# First egg!



## bcfox26 (Jul 11, 2013)

I went out to check on the chickens for the evening and refresh their water and found an egg! It was not in the nesting box but I know they have been messing with then because they threw the golf balls out I had in there as a hint. Ha. These are my first set of chickens and I thought one was getting close. Yay. Yes I'm obnoxiously excited about an egg. Lol my son was excited too.


----------



## GenFoe (Apr 3, 2013)

Yay congratulations!! I was crazy excited about our first egg too. We blew it out and kept it 

We got 2 eggs yesterday but nothing today. Our girls are slowly working their way up!


----------



## GenFoe (Apr 3, 2013)

My oldest daughter is 5 and she's thinks its the greatest thing ever to go looking for the eggs too!


----------



## 7chicks (Jun 29, 2012)

Those first eggs are so eggciting. I had blown mine out too and kept them ... However, Izzabelle discovered them (my rat terrier I had) and well, she broke them. She'd steal the eggs when I'd bring them in and set them down. Come back inside a short bit later and they were gone!  What I exclaimed "where did my eggs go?" I saw a set of ears go down. She had carefully taken them and set them in her bed on the couch.


----------



## kjohnstone (Mar 30, 2013)

GenFoe said:


> My oldest daughter is 5 and she's thinks its the greatest thing ever to go looking for the eggs too!

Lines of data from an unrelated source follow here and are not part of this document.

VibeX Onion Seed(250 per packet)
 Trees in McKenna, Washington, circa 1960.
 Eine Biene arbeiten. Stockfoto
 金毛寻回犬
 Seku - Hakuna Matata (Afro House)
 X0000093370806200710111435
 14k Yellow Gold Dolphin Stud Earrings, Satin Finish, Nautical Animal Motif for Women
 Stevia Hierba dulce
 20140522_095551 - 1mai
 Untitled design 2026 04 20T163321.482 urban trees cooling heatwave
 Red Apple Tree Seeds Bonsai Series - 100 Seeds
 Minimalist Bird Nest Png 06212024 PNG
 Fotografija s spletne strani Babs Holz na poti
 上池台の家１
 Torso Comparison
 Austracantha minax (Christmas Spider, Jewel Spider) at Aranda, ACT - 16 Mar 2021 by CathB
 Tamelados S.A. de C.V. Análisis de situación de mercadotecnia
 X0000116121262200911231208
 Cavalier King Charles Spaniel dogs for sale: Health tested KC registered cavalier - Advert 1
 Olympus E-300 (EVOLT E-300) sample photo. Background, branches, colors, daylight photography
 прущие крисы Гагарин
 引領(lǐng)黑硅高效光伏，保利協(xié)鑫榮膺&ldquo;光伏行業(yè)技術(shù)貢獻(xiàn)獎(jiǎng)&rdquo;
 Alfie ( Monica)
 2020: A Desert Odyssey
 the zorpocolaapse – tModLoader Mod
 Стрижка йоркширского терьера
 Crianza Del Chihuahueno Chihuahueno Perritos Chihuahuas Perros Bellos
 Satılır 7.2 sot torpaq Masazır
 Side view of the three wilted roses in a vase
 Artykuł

It's like Easter every day!


----------



## bcfox26 (Jul 11, 2013)

It's funny my son has shown everyone today that has come by our house the lonely little egg. He's so proud like he did it or something. Love it


----------



## jennifer (May 14, 2013)

Bcfox! He's adorable! Isn't it fun. I think it's great he's involved with the hens. He will remember it for years and years.


----------



## bcfox26 (Jul 11, 2013)

jennifer said:


> Bcfox! He's adorable! Isn't it fun. I think it's great he's involved with the hens. He will remember it for years and years.


Thank you! I think he is too. We got our second egg today and he was so excited he dropped it. He almost cried till I told him we could just take it in a d immediately cook it for him. It was severely cracked but it lasted to the bowl. So we did. He scarfed his scrambled eggs down! Cuteness. They were beautifully dark yolks and so cute and tiny still.


----------